No More Cranky Kids at Walt Disney World

lots-to-do-wdw

Lots To Do In Line: Walt Disney World
by Meredith Lyn Pierce
Published: April 2013
ISBN: 978-1-937011-25-3
331 pages • 4×9 • Index
Trade Paperback
Printed in the U.S.A.
List price: $14.95

 

No More Cranky Kids at Walt Disney World

(ORLANDO, FL – February 25, 2013) –  Of course you can have a “magical day” at Walt Disney World. But when waiting in line for rides, especially with kids, people tend to forget that.

Disney designers (or Imagineers, as Disney calls them) have gone to a lot of trouble to make its lines interesting by packing the queue areas with delightful visual details. Trouble is, most kids and adults are so hyped for the rides that they miss the eye-catching magic on the way to them.

“The rides are scripted; you know just where to look and you love every moment of them,” says mega-Disney fan Meredith Pierce, author of Lots To Do In Line: Walt Disney World. “In contrast, the lines are like an activity book with no instructions. They are packed with wonderful details, but kids especially need some direction to focus on them.”

Pierce’s interest in solving this problem was sparked watching her seven-year-old daughter morph from happy-excited kid to bored-whiney kid every time she stepped off a ride and into another line at Disneyland in California. Says Pierce, “She hung from the railing, spun in a circle, hopped, fidgeted, wanted a drink, wanted a snack — all the while inching ever closer to fun. As soon as we hit the ride, happy-excited kid was back.”

And so, Lots To Do In Line: Disneyland was born — a step-by-step guide that turned every ride line in the two Disneyland theme parks into a series of games. That book, now in it’s second edition, proved so popular that Pierce decided to head east and share her new-found knowledge of line-ology with Walt Disney World’s millions of visitors.

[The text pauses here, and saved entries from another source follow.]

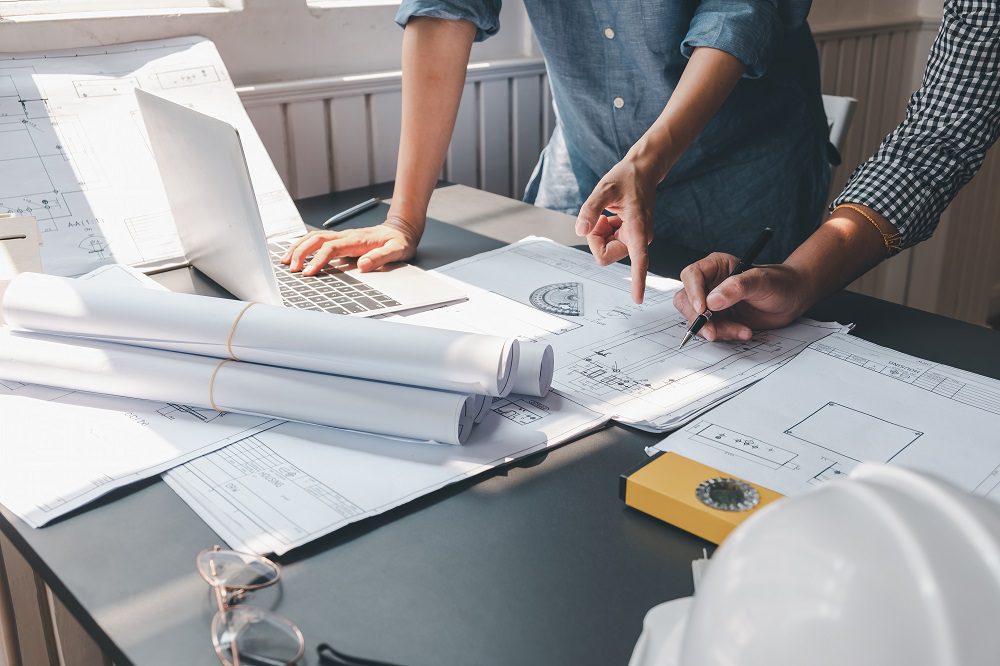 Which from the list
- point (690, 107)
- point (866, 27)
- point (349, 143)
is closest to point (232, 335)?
point (690, 107)

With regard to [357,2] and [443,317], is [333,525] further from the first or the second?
[357,2]

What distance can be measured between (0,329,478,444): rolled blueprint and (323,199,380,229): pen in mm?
600

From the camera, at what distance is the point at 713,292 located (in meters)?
0.89

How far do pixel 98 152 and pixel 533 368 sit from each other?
0.81 m

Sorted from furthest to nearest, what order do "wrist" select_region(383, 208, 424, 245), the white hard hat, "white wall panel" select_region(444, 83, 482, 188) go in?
"white wall panel" select_region(444, 83, 482, 188)
"wrist" select_region(383, 208, 424, 245)
the white hard hat

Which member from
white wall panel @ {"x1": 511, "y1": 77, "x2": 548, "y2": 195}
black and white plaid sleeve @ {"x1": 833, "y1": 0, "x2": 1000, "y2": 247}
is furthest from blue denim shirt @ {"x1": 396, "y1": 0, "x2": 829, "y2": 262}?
white wall panel @ {"x1": 511, "y1": 77, "x2": 548, "y2": 195}

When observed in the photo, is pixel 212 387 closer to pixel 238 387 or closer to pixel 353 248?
pixel 238 387

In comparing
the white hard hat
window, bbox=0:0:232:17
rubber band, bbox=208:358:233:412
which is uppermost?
window, bbox=0:0:232:17

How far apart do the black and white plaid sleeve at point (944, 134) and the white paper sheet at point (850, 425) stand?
0.28 metres

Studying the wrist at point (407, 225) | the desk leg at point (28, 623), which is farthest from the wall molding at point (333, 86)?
the desk leg at point (28, 623)

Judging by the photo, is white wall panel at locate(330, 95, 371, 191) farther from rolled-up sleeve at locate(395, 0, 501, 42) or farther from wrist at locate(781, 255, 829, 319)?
→ wrist at locate(781, 255, 829, 319)

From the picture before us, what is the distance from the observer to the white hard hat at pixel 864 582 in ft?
0.97

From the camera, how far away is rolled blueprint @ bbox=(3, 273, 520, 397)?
2.30 feet

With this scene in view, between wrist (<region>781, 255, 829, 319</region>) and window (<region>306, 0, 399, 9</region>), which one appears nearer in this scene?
wrist (<region>781, 255, 829, 319</region>)
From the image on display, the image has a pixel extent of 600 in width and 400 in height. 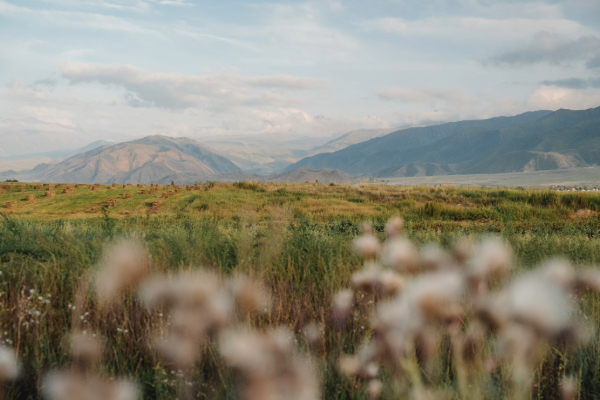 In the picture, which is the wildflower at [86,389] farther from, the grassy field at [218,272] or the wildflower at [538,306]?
the wildflower at [538,306]

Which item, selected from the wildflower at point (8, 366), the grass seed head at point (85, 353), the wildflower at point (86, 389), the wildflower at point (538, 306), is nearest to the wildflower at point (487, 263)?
the wildflower at point (538, 306)

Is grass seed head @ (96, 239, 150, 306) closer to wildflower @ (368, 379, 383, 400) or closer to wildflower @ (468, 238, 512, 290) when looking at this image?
wildflower @ (368, 379, 383, 400)

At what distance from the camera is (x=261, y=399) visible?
5.57 ft


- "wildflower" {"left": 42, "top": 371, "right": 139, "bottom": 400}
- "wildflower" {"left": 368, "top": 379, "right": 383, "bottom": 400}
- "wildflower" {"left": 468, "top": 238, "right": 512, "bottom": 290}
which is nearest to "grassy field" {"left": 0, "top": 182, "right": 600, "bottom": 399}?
"wildflower" {"left": 368, "top": 379, "right": 383, "bottom": 400}

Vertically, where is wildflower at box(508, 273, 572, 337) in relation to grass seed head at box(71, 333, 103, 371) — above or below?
above

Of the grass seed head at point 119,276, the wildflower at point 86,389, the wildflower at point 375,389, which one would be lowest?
the wildflower at point 375,389

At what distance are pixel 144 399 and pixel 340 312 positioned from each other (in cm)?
156

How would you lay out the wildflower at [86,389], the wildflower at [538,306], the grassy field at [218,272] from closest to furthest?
1. the wildflower at [538,306]
2. the wildflower at [86,389]
3. the grassy field at [218,272]

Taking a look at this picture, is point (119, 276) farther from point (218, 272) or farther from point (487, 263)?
point (487, 263)

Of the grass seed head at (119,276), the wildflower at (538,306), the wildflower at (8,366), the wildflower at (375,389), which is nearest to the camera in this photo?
the wildflower at (538,306)

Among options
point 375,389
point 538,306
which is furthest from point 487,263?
point 375,389

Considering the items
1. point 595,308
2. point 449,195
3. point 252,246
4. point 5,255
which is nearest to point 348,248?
point 252,246

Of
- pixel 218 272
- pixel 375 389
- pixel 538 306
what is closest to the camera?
pixel 538 306

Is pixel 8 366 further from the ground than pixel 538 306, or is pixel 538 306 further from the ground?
pixel 538 306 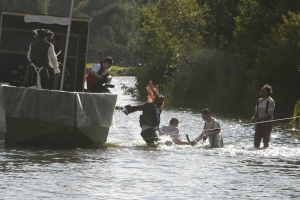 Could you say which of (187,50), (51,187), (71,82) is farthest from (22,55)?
(187,50)

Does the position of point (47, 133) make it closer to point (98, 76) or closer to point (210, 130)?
point (98, 76)

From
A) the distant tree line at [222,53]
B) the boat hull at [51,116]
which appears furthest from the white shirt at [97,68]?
the distant tree line at [222,53]

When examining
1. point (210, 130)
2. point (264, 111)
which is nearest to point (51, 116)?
point (210, 130)

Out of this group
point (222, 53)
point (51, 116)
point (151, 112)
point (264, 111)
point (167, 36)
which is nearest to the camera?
point (51, 116)

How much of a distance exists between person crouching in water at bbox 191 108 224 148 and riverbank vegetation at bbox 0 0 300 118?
36.7ft

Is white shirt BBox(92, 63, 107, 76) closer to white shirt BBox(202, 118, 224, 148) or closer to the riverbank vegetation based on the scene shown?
white shirt BBox(202, 118, 224, 148)

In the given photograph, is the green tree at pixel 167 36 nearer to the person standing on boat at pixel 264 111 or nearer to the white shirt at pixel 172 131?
the white shirt at pixel 172 131

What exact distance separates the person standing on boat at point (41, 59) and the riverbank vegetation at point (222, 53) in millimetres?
13450

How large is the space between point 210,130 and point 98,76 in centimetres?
279

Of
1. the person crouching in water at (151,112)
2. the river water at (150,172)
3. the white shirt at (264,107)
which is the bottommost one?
the river water at (150,172)

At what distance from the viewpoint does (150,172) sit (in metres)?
16.3

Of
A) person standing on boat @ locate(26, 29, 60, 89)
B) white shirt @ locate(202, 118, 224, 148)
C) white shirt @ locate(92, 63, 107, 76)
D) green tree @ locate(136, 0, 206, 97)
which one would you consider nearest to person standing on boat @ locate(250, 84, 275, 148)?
white shirt @ locate(202, 118, 224, 148)

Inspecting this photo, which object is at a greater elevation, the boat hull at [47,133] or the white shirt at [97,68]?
the white shirt at [97,68]

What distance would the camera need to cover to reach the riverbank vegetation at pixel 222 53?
33.5 meters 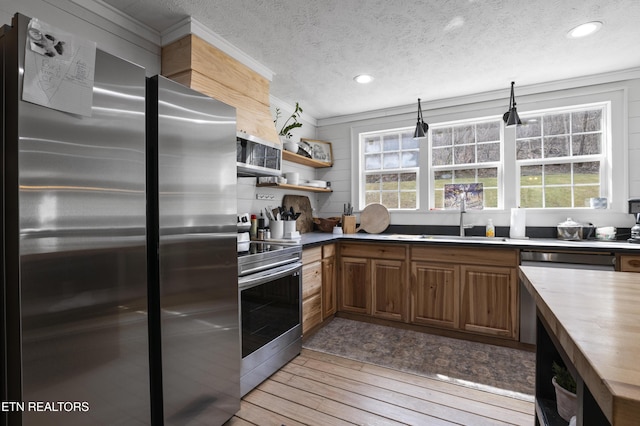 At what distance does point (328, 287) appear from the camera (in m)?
A: 3.17

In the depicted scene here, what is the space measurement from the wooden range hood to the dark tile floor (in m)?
1.96

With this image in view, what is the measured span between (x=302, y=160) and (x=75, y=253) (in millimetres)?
2771

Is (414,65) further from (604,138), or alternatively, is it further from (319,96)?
(604,138)

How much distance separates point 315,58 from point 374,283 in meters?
2.25

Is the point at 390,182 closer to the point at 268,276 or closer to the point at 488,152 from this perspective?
the point at 488,152

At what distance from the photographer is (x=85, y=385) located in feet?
3.64

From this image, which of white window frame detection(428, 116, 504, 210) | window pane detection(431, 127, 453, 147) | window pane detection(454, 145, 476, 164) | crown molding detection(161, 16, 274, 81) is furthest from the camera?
window pane detection(431, 127, 453, 147)

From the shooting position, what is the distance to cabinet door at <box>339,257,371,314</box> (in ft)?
10.6

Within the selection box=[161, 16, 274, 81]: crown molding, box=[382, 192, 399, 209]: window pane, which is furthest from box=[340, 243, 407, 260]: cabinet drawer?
box=[161, 16, 274, 81]: crown molding

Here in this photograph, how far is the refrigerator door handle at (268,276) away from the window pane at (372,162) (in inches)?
82.5

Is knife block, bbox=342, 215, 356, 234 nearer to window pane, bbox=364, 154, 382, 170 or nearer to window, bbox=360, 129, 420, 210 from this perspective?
window, bbox=360, 129, 420, 210

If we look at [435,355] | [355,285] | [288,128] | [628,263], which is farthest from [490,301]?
[288,128]

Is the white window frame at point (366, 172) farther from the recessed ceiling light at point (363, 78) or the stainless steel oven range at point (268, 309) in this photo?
the stainless steel oven range at point (268, 309)

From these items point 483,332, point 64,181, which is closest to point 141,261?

Like its predecessor, Lots To Do In Line: Walt Disney World uses only the visuals Disney and other guests provide to pose challenging questions and visual and audio treasure hunts that keep kids and their grown-ups happily immersed in the Disney magic as they move toward the ride.

The book covers all four parks at Walt Disney World Resort — Magic Kingdom, Epcot, Disney’s Hollywood Studios, and Disney’s Animal Kingdom — and includes the latest rides in “New” Fantasyland.

“The Imagineers have added some very clever interactive elements to some lines,” Pierce notes. “But those elements occupy only a small sliver of the time most families will spend in line. And if that’s all you focus on, your kids will miss so much of the other magic that’s just waiting to be discovered if you know where to look.”

Readers of the first book agree. Disney historian Sam Gennawey called it “the perfect book to prevent meltdowns when you’re with a group of people on a relatively busy day.” For Natalie Henley of MeetTheMagic.com, Pierce’s approach is all about “experiencing the lines… rather than enduring them.”

To add to the fun, players earn one point for every correct answer they pick (they’re multiple choice) and a point for every treasure they spot, which is why many families get a copy for every member of their group.

Pierce tested the games on her family and the families of many friends. They worked, she says; “When you’re busy having fun, you can’t be bored.” Or unhappy. “Smiling kids make happy parents.”